Ci tengo particolarmente a citare un evento culturale curioso e al tempo stesso di qualità che si svolge a Ravenna da alcuni anni: il Festival dell’editoria indipendente “Fahrenheit 39”, curato dall’Associazione Culturale Strativari. Un appuntamento di livello internazionale, per professionisti, ricercatori e operatori del settore e che mantiene una propria identità di ricerca attraverso un rigore curatoriale e una forte impronta sperimentale.
Riguardo alla politica culturale della città, dalla quale, trovandomi spesso fuori Ravenna, mi sono allontanato, sono dell’idea che le iniziative siano spesso autoreferenziali e questo è un atteggiamento che non premia. Non aiuta ritenersi sempre i migliori, per il semplice fatto che non sempre lo siamo. Il ceto medio culturale ha una conoscenza scarsa della storia e della cultura di questa città, carenza che si riflette in una sua non sempre corretta valorizzazione. Inoltre ci sono molte realtà disperse che non hanno la buona abitudine di comunicare tra loro.
Manca uno sguardo lungimirante e complessivo, un Corrado Ricci o un Luigi Rava purtroppo capitano ogni qualche secolo, ma anche l’attenzione alla conduzione corrente è deficitaria. Basti l’esempio di Galla Placidia, dove un cartello recita “mausoleo del secondo quarto del quindicesimo secolo”. Per non parlare del rapporto irriverente con gli architetti, da Giovanni Michelucci a Renzo Piano, o, più modestamente, anche solo Stefano Boeri. L’anima agraria della città finisce con il prevalere. E anche Forlì, al confronto, sembra Parigi. Poi c’è il secolare problema dei collegamenti ferroviari che nessuno sembra volere seriamente affrontare (preferendo perdere tempo e denari per progetti improbabili come il bypass sul Candiano (ricordate?) destinati a naufragare.

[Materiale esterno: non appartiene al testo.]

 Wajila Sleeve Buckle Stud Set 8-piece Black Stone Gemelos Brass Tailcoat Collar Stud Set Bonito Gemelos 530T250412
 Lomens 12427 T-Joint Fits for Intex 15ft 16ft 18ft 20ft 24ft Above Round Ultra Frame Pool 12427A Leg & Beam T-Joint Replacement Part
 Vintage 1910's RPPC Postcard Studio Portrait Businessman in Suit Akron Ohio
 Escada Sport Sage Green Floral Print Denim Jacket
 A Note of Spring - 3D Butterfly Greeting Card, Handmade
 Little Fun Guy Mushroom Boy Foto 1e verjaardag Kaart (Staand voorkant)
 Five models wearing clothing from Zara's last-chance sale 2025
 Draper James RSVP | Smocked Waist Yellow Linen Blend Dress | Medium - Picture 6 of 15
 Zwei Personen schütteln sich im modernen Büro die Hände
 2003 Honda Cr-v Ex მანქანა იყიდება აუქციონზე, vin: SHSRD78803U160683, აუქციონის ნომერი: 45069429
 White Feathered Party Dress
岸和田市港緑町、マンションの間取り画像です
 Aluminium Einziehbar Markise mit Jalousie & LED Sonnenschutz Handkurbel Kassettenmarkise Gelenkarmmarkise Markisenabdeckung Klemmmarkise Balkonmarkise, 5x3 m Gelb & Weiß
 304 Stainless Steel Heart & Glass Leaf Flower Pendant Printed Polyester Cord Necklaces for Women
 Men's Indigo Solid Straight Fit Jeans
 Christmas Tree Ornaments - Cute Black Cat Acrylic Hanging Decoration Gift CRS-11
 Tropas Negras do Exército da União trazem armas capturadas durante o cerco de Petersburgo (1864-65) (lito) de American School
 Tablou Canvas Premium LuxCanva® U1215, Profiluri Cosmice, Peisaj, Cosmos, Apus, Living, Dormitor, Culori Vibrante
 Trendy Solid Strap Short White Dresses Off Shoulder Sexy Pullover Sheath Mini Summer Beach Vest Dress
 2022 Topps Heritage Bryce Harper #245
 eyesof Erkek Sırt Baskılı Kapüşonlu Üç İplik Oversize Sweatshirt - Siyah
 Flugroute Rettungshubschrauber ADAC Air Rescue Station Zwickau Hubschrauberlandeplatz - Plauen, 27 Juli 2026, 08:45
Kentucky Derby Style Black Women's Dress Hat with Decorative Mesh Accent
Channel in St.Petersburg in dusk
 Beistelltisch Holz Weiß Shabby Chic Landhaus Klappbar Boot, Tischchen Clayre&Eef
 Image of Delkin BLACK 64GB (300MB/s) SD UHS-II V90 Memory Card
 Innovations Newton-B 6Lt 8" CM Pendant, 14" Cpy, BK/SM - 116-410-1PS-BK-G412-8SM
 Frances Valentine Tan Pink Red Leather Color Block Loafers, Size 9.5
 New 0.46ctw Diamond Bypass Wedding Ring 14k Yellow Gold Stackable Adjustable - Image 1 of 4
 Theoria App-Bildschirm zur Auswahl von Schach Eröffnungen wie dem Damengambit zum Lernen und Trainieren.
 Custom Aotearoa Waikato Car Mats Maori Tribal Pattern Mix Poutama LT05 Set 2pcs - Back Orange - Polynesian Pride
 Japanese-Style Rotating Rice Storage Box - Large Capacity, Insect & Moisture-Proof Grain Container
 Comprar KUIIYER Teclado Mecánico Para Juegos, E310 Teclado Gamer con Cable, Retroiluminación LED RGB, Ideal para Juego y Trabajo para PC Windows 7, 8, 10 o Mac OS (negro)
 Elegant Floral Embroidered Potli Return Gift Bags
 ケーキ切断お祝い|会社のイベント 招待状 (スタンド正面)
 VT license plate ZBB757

Inoltre la fase industriale in declino induce a riflettere su un prevedibile degrado ambientale e impoverimento economico del territorio (le aree delle ex raffinerie che nessuno vuole bonificare o le acque altamente inquinate del Candiano nel suo ramo terminale). Si pone con urgenza la necessità di uno sforzo creativo collettivo, e sarà necessaria soprattutto una capacità di saper immaginare libera e indipendente. Tenendo sempre presente che le trasformazioni, se non sono ben pensate, possono essere anche violente e deturpare un territorio per sempre, come appunto insegna la storia recente».